Most of the data-mining and modeling work is done in your favorite stats-package (SPSS, SAS etc.), but in production use people have to re-implement whichever equation they came up with to produce their risk-scores. When I’m doing Data Mining work I often use different tools from different authors or vendors to get the job done, as not every single one tool can do everything that I need. For example, I have had a lot of success with predictive modeling using Support Vector Machines. Some newer algorithms I have implemented in Matlab myself. That means I spend a lot of time converting data back and forth between different software (e.g. indicating a missing value). I usually do this with some Perl-scripts I wrote, but the entire process is error prone, especially given that the final model then has to be codified in some other language (Java, C, C#/.Net or whatever) so it can be incorporated into the projects software. It takes a while to get it right, because more often than not an error is not obvious (read: I had bad experiences with subtle errors during black-box testing). The following is my check-list for debugging the process (probably not complete to catch everything):
- Do the results mean what you think they mean? What values for classification are good or bad? (big/small scores, or +1/-1 …)

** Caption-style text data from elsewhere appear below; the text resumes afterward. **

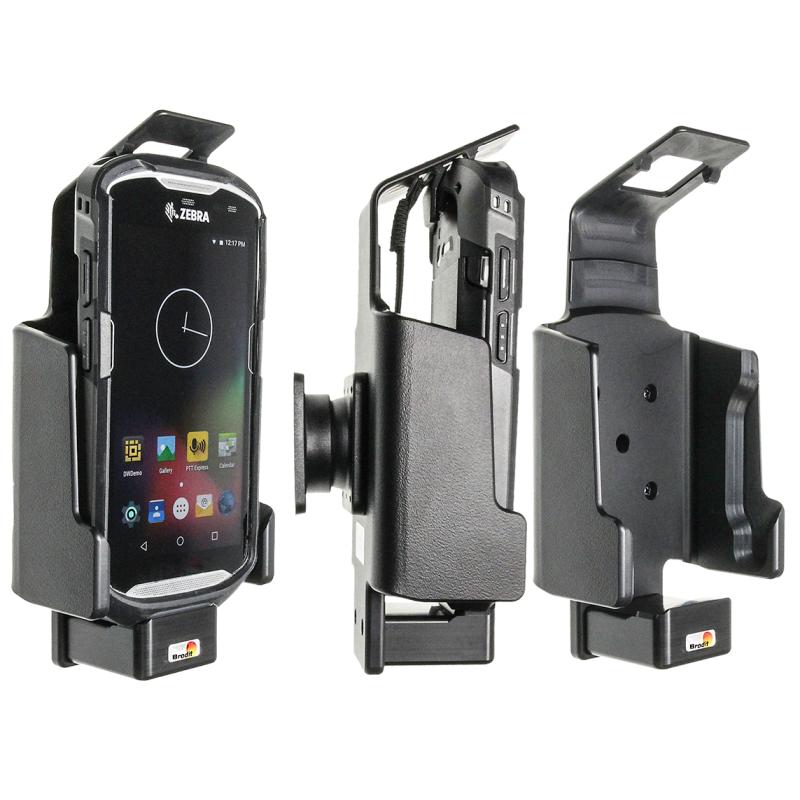 3-Punkt-Halterung, Kugelgelenk (Tilt Swivel), passend f&uuml;r: TC5X (mit Schutzh&uuml;lle)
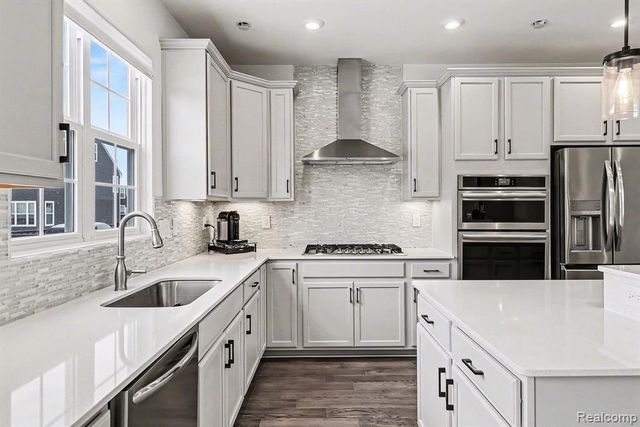 258 S Mill Street Lot 67, Plymouth, MI 48170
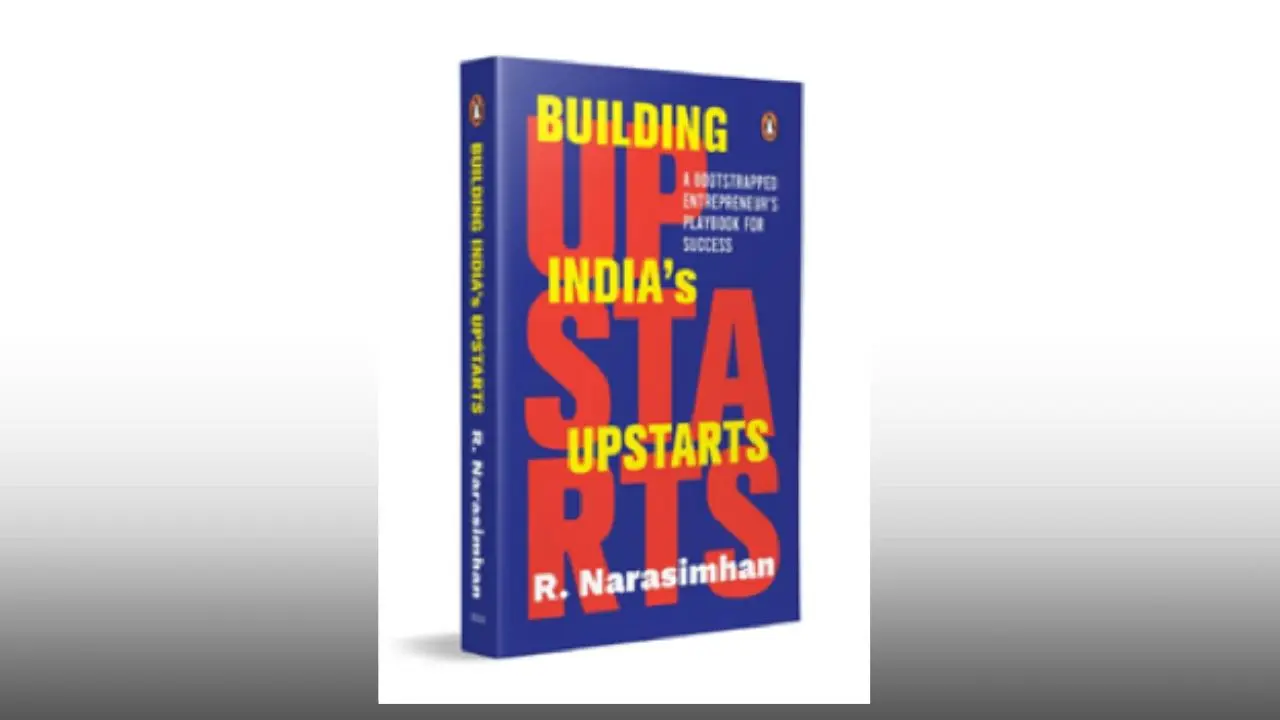 Building India's Upstarts:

- Features: when exporting/importing the data, is the order of the features the same? Is the classification label in the right place? This is a lot of fun when you export stuff from SPSS/R/STATA to Matlab (which does not support named-columns in a matrix – better get all those indexes right)
- Where missing values treated the right way when building the model? There are many ways to deal with them, and you might have either case of MAR (“missing at random”), MCAR (“missing completely at random”), NMAR (“not missing at random”), non-response and imputation (single and multiple) etc.
- Did I deal with special values correctly? I’m not talking about the NULL value in the database, but “flag-values” such as 999 etc. to indicate a certain condition
- When exporting/importing data, are special values (e.g. missing, flag and categorical values) handled correctly? Every program encodes them differently, especially when you use comma separated text (csv)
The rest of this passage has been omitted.